[Data shown — start]

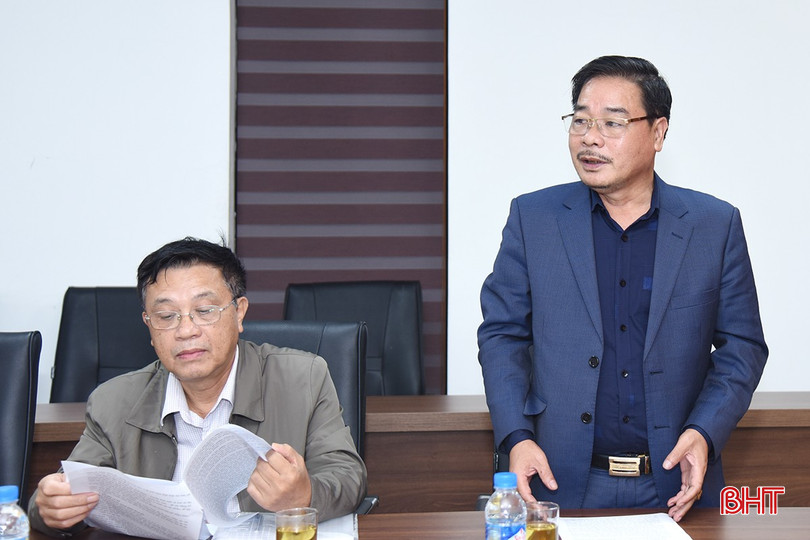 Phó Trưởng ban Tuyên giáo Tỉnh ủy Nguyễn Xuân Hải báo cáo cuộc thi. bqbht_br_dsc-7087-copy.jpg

[Data shown — finish]
[Data shown — start]

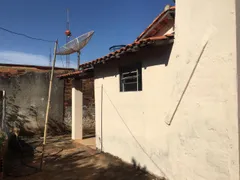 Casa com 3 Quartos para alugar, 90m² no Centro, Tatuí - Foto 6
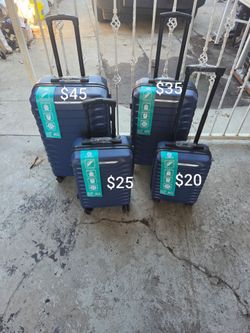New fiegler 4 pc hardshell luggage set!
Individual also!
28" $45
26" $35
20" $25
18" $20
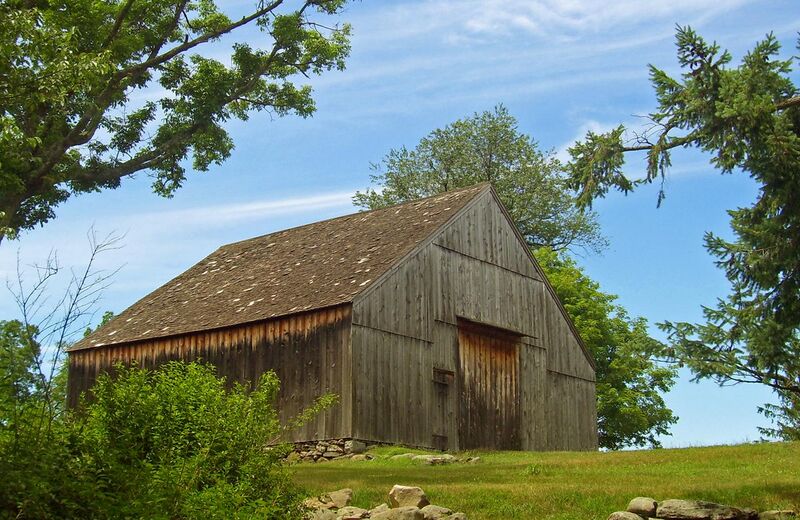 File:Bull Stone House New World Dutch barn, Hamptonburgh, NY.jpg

[Data shown — finish]

- What is being asked
For this exercise, set down the lines in the entries above from the one with "Individual also!" through the one with "File:Bull Stone House" exactly as written, without any pictures.

- Solution to this exercise
Individual also!
28" $45
26" $35
20" $25
18" $20
 File:Bull Stone House New World Dutch barn, Hamptonburgh, NY.jpg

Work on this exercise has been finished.